* _The problem_
Begin with the first line of the material and write out each line exactly, ending with the line that contains "Women Framed Paintings". Pictures are not part of the copy.

* _Input data_
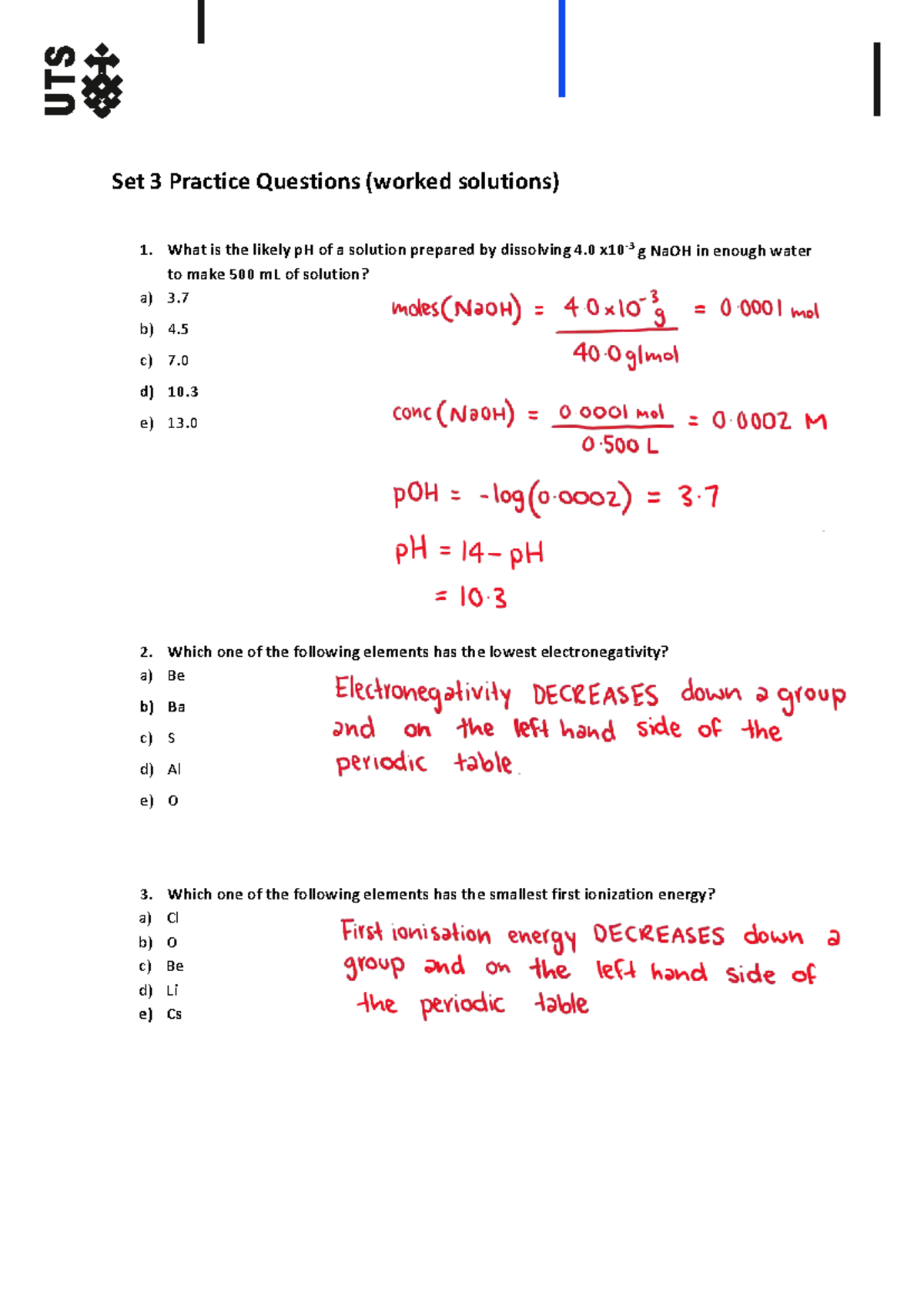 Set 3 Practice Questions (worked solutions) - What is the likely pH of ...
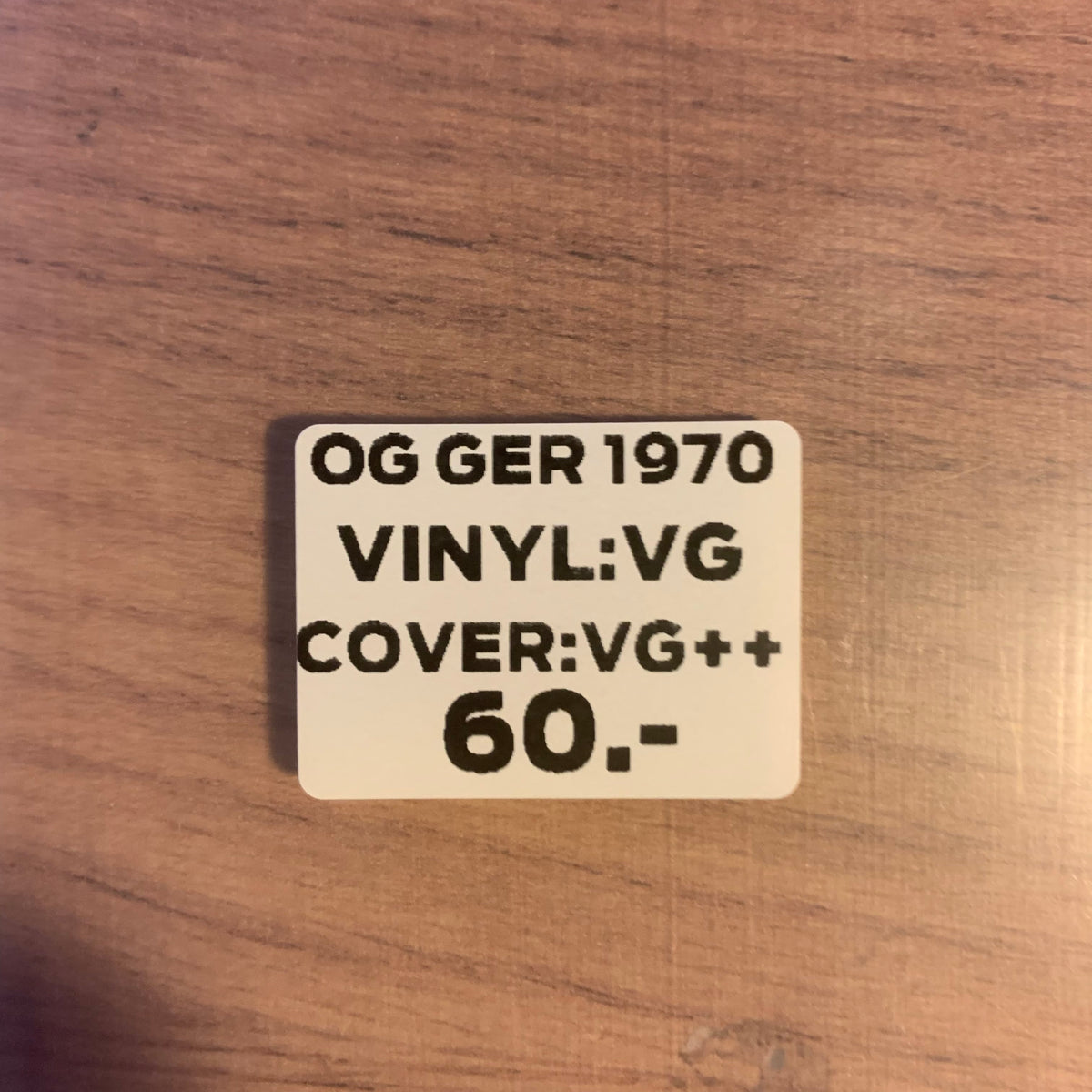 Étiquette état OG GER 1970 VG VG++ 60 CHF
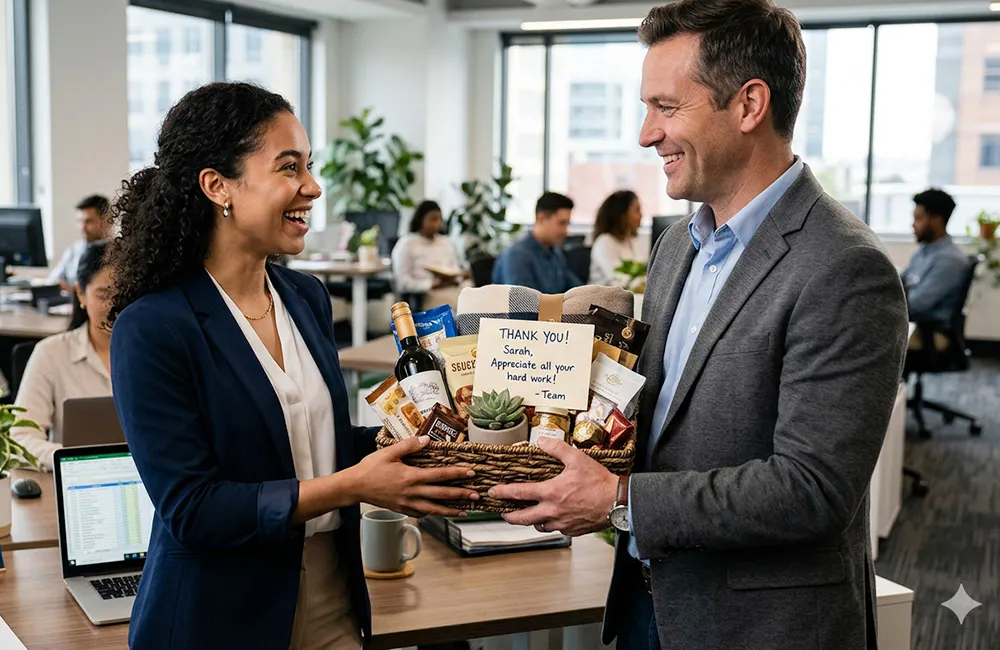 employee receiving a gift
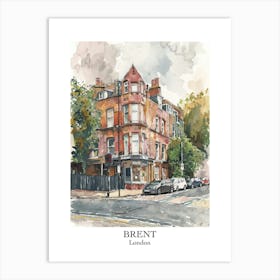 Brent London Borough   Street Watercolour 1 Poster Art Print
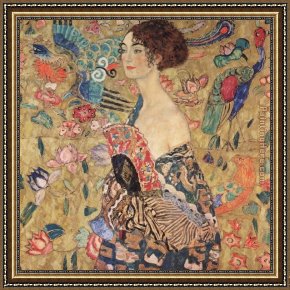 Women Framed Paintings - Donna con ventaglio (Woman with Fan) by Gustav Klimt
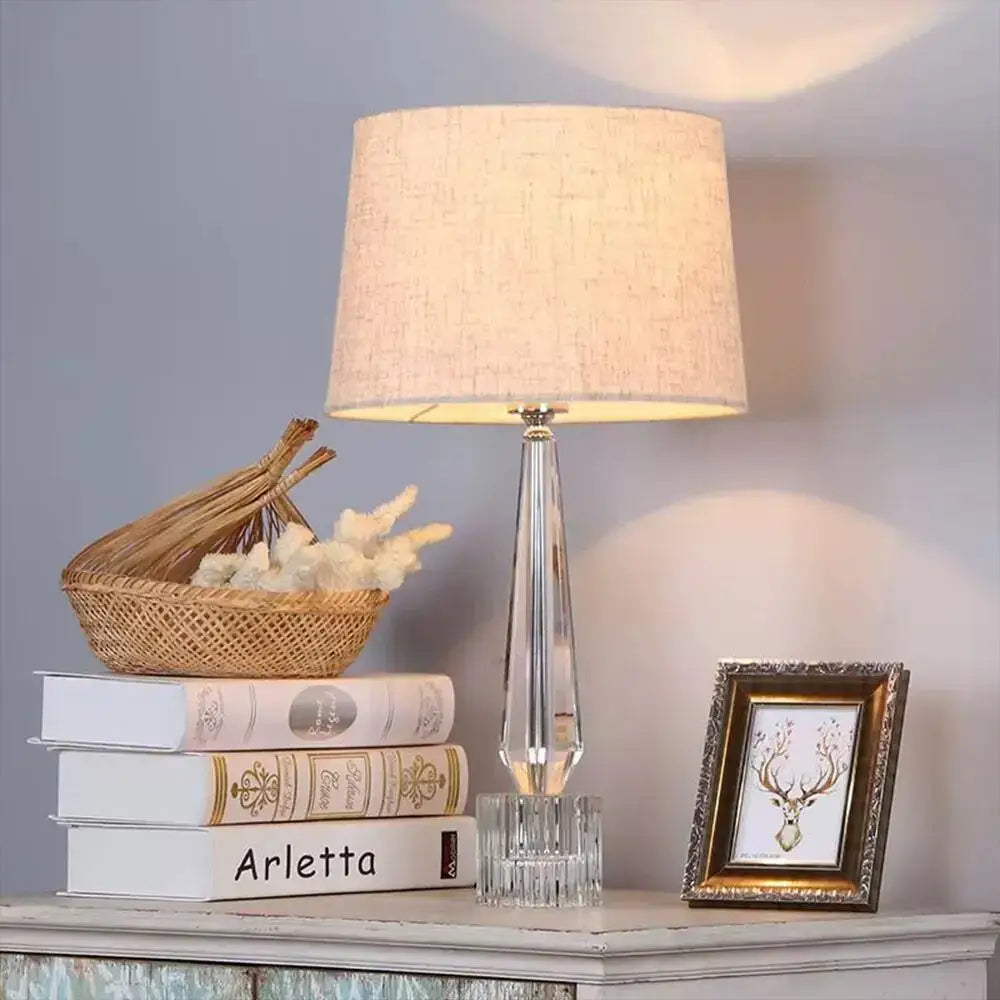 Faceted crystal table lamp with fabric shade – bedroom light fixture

* _Solution to the problem_
 Set 3 Practice Questions (worked solutions) - What is the likely pH of ...
 Étiquette état OG GER 1970 VG VG++ 60 CHF
 employee receiving a gift
 Brent London Borough   Street Watercolour 1 Poster Art Print
 Women Framed Paintings - Donna con ventaglio (Woman with Fan) by Gustav Klimt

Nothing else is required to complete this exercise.